** Opening Data to process block **
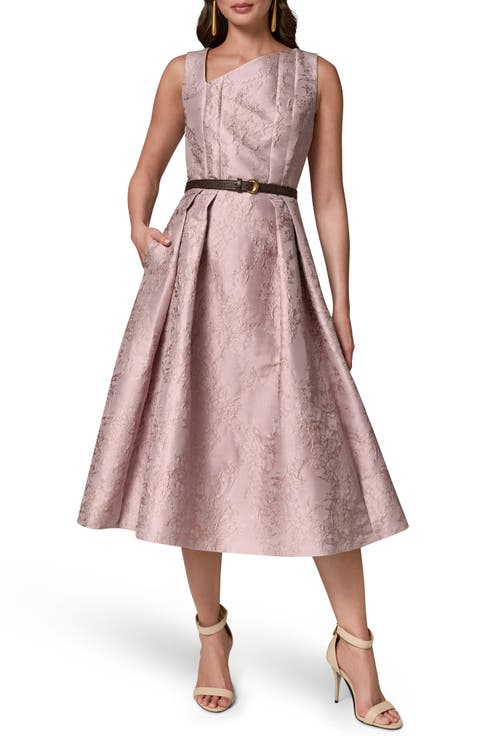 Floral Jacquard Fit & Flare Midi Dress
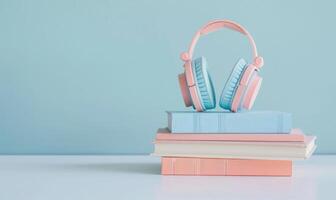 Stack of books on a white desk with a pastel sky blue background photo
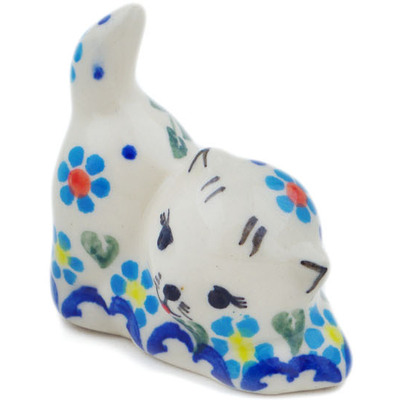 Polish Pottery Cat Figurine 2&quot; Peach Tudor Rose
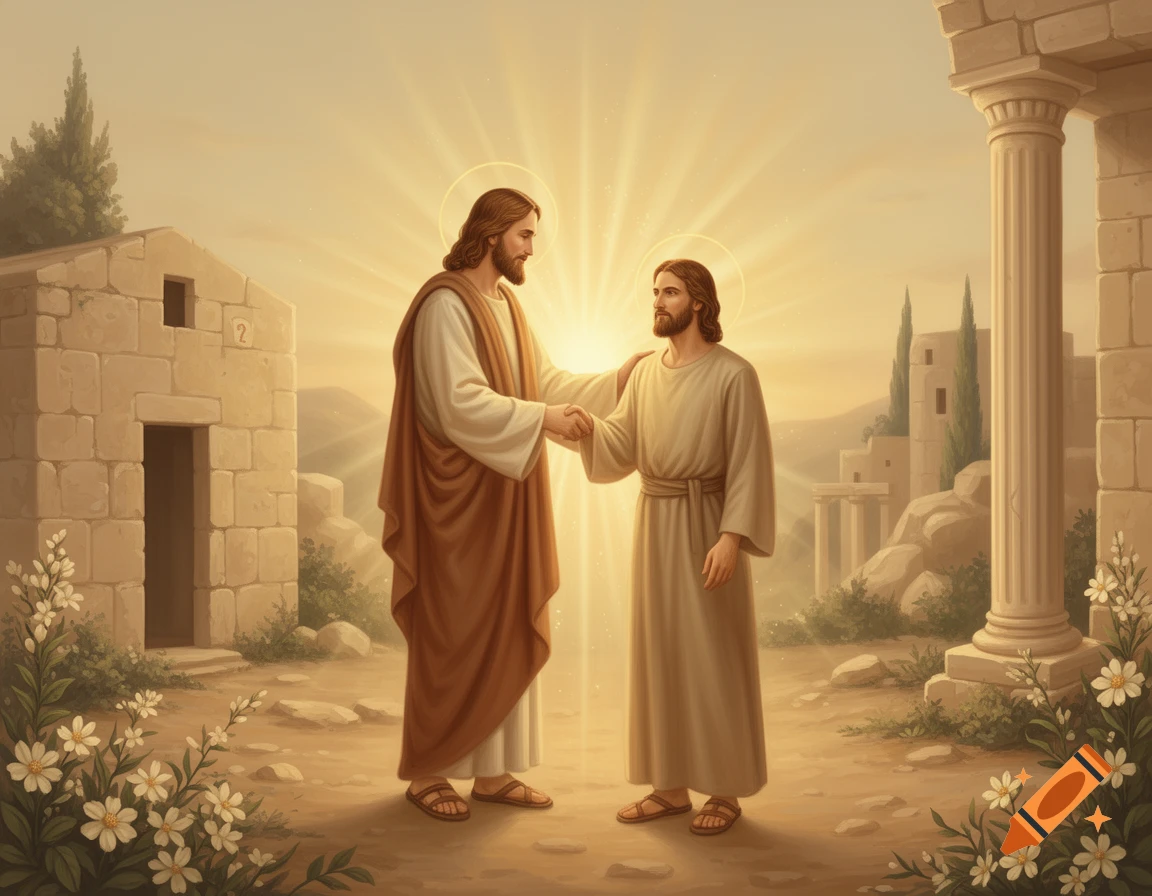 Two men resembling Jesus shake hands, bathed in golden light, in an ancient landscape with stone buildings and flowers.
** Closing Data to process block **
** Opening Data to process block **
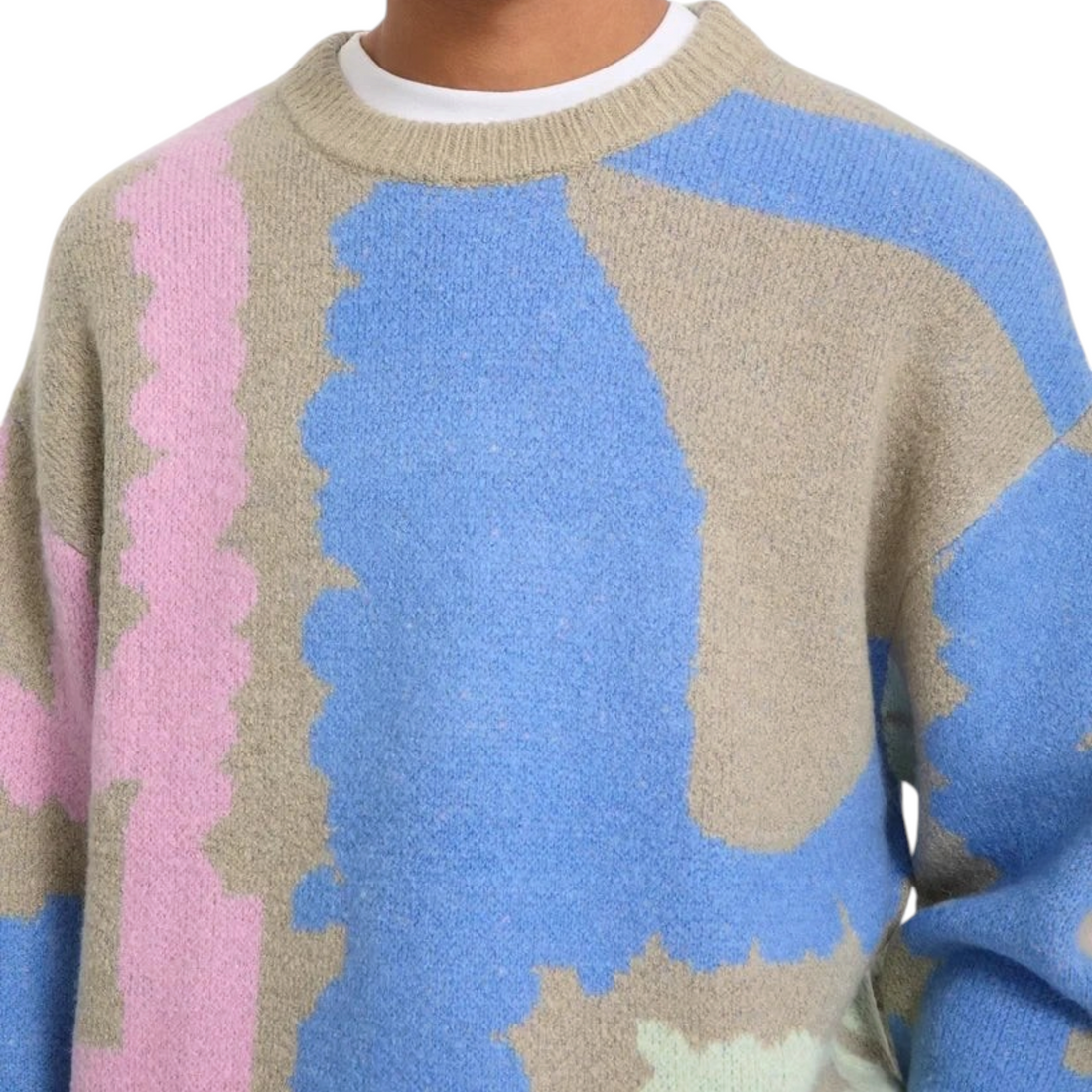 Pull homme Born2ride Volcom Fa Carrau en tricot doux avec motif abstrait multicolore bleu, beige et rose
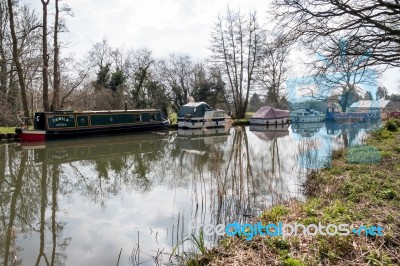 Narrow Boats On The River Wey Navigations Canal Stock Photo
** Closing Data to process block **
Exercise goal » Using the records above, return verbatim only the part that opens with the line containing "Stack of books" and closes with the line containing "Two men resembling"; pictures stay out.

Result below »
 Stack of books on a white desk with a pastel sky blue background photo
 Polish Pottery Cat Figurine 2&quot; Peach Tudor Rose
 Two men resembling Jesus shake hands, bathed in golden light, in an ancient landscape with stone buildings and flowers.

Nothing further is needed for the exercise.